■ Exercise details
Please repeat, exactly as written, every line from the one containing "So this first" through the last line of the records, both included, and leave out any pictures.

■ Information provided
┏━━

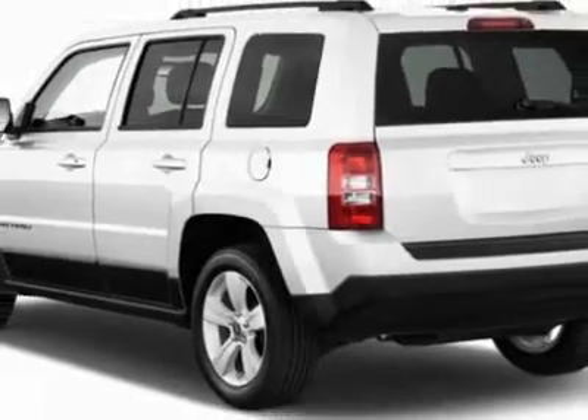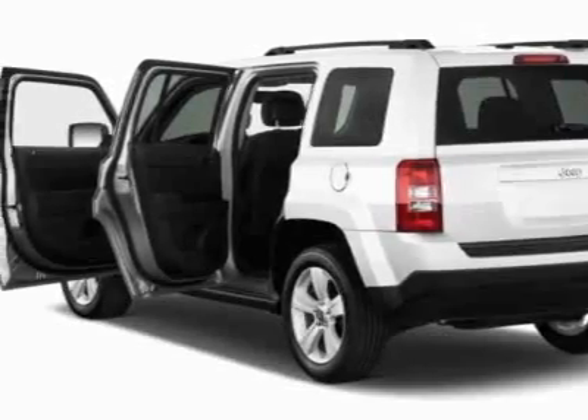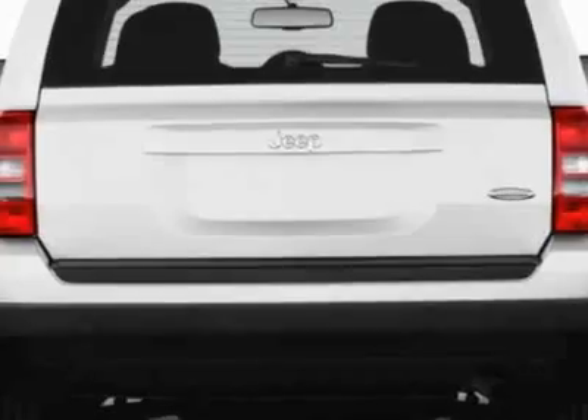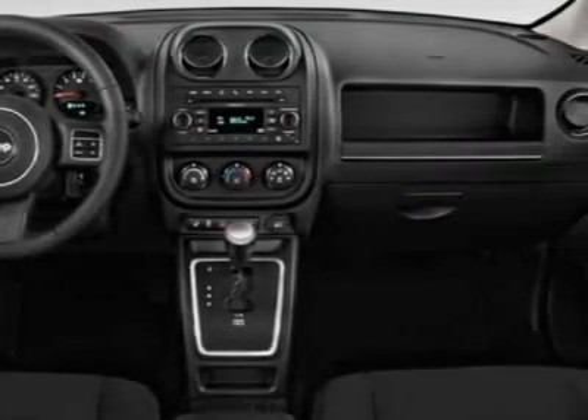This Patriot boasts a 2.4 liter inline four engine and has an unspecified transmission. Call 800-753-6343 or email our friendly sales staff today to schedule a test drive.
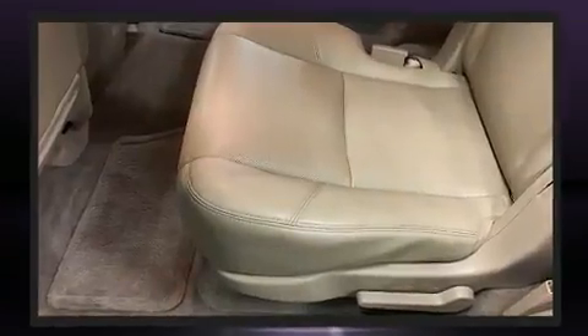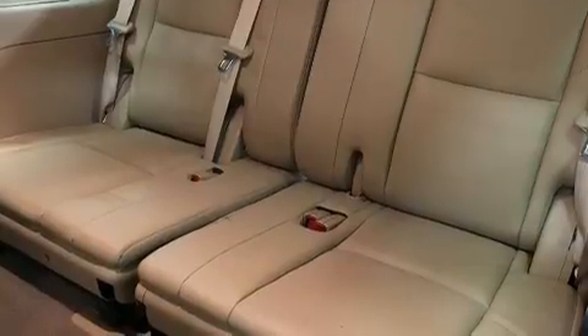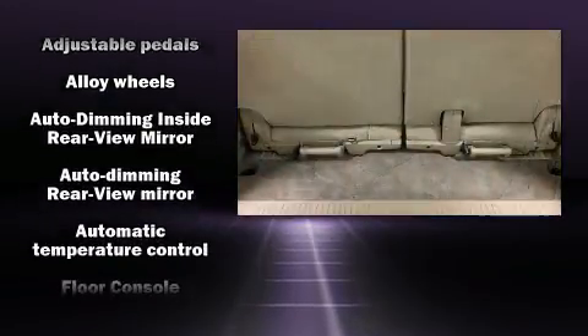Enjoy your favorite music via the stereo system, which includes a CD player with MP3 capability and 10 speakers, providing excellent sound throughout the cabin.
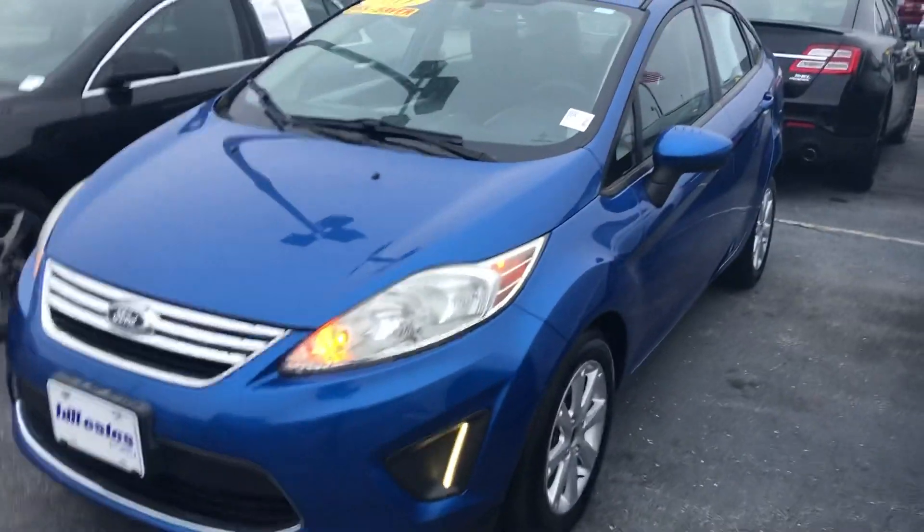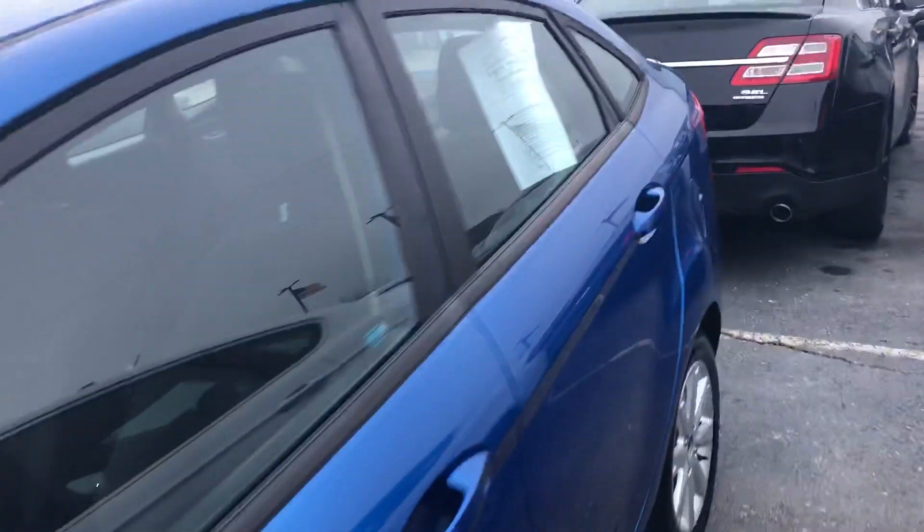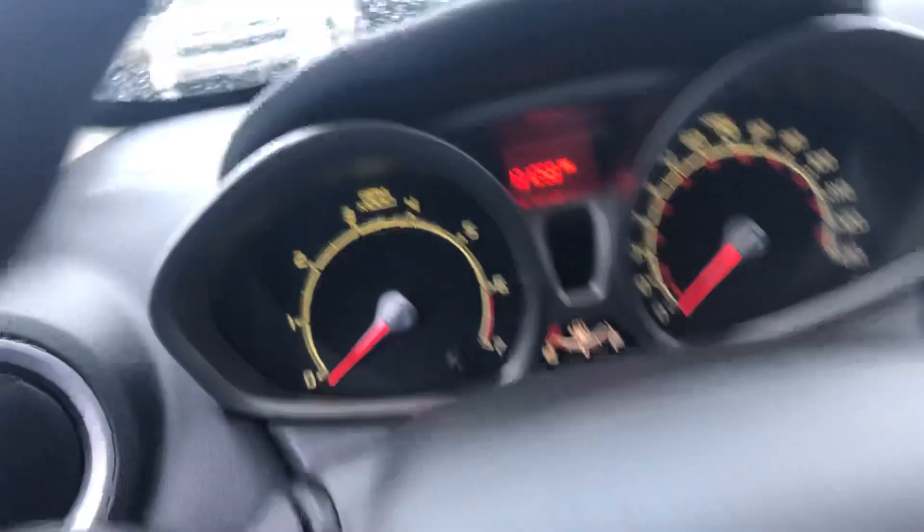Hi, this is Steve Meagan with Bill Estes Ford. This is the 2011 Ford Fiesta you inquired about online. Blue exterior, black interior, just over 131,000 miles.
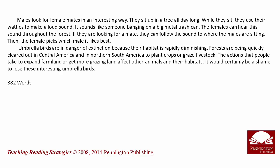Umbrella birds are in danger of extinction because their habitat is rapidly diminishing. Forests are being quickly cleared out in Central America and in northern South America to plant crops or graze livestock. The actions that people take to expand farmland or get more grazing land affect other animals and their habitats. It would certainly be a shame to lose these interesting umbrella birds.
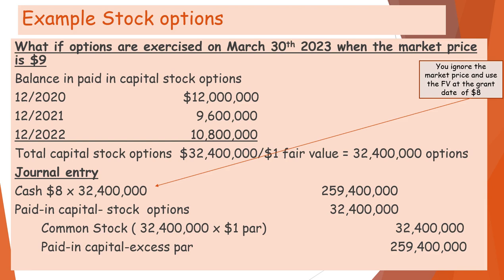That's how we handle stock options. Now we'll proceed to part three.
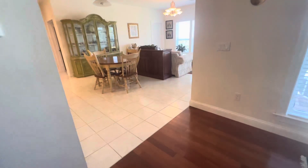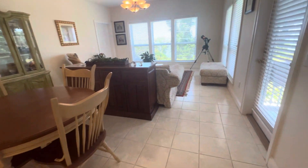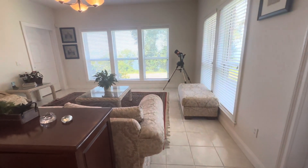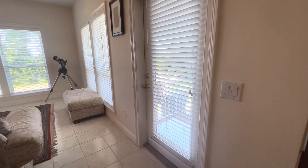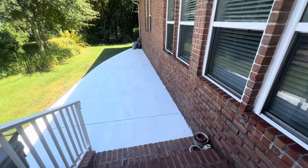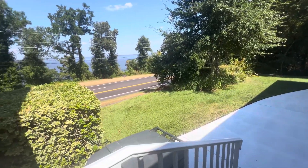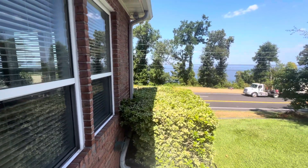On this side of the home, we're going to have your kitchen, breakfast nook, and a nice little morning room or den, again with views of the bay. An exterior door leads out to your open patio. We've got fruit-bearing trees — grapefruit and fig trees — and beautiful views.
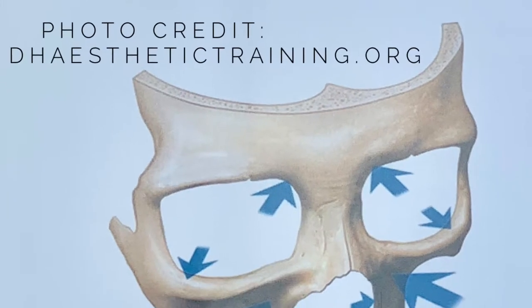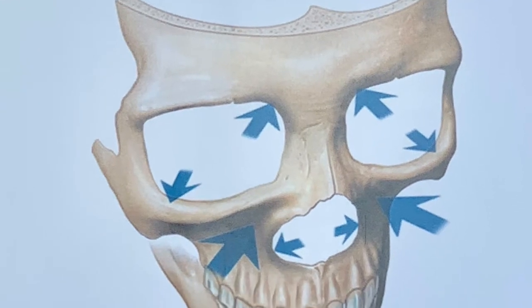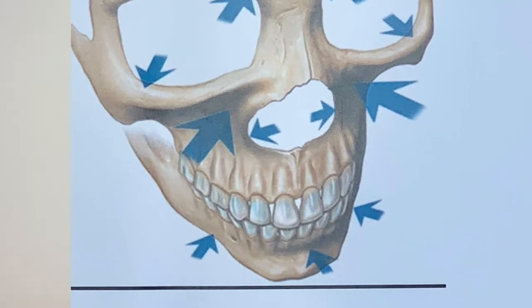As we're born we have little button noses, and over our lifetime this tends to grow and change in shape and size. Not only does our nose change over our lifetime but so does the bone underneath. As you can see in this picture of a skull, we have a hole directly under where our noses sit. As we age, this section of bone continually widens, and these anatomy changes can cause the nose to change in both shape and size.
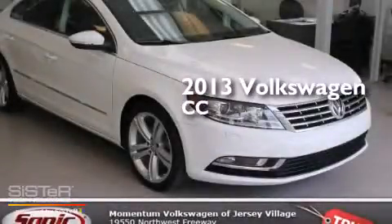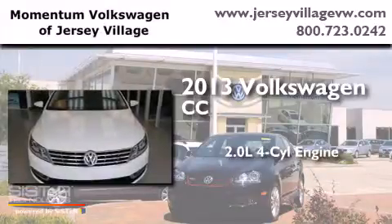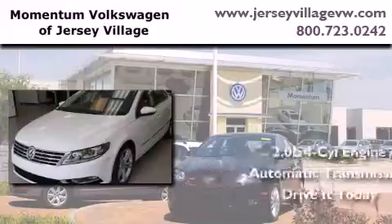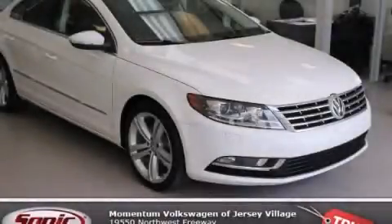This is a 2013 Volkswagen CC. It has a 2.0-liter 4-cylinder engine and an automatic transmission. Stop by today and test drive this vehicle for yourself.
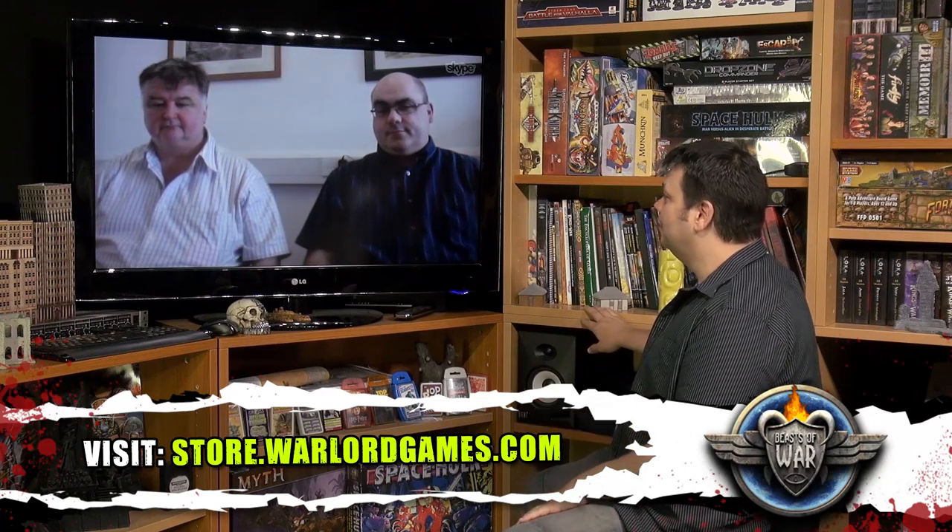I'm joined by John Stallard and Paul Sawyer of Warlord fame. Hello, gentlemen. I'm reaching out to you guys to try and find out a little bit about Waterloo, and you guys are already leagues ahead — you have something very special launching today. Paul, can you tell us a bit about it?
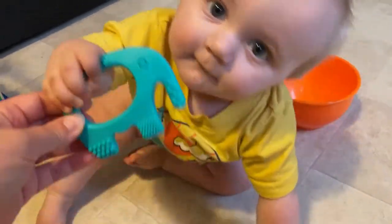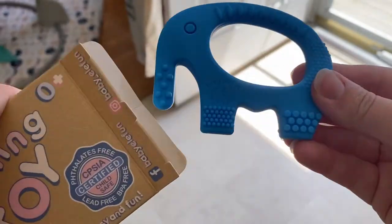Have you ever met a parent that actually enjoys the teething stage? Me either, but I have found something that helps. The Baby Teether from Baby Elephant.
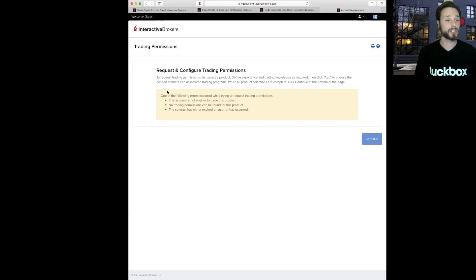It says I don't have trading permissions yet. All you have to do is click this button — you'll need to do this the first time you trade cryptocurrencies — and request permissions. Since I'm already logged in on my platform, it took me right to the page: 'Request and Configure Trading Permissions.' I couldn't figure out how to add permissions to trade cryptocurrency, so I'm just going to call Interactive Brokers right now and figure out what's going on.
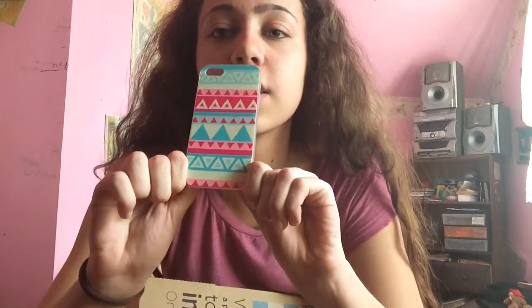So this first one is like a tribal print and it's pink and I think that's a bluey kind of green. I got this one off eBay. I got a few of them off eBay and a few of them in stores like Best Buy, and I think I got one off Etsy too.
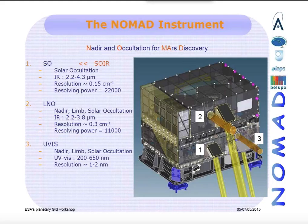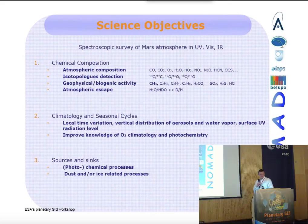The UV channel is also able to make Nadir and Solar Occultations. The TGO has many science objectives, and NOMAD will improve the characterization of the chemical composition of the Martian atmosphere by detecting a broad suite of trace gases and key isotopes.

┗━━

■ Your response
So this first one is like a tribal print and it's pink and I think that's a bluey kind of green. I got this one off eBay. I got a few of them off eBay and a few of them in stores like Best Buy, and I think I got one off Etsy too.
The UV channel is also able to make Nadir and Solar Occultations. The TGO has many science objectives, and NOMAD will improve the characterization of the chemical composition of the Martian atmosphere by detecting a broad suite of trace gases and key isotopes.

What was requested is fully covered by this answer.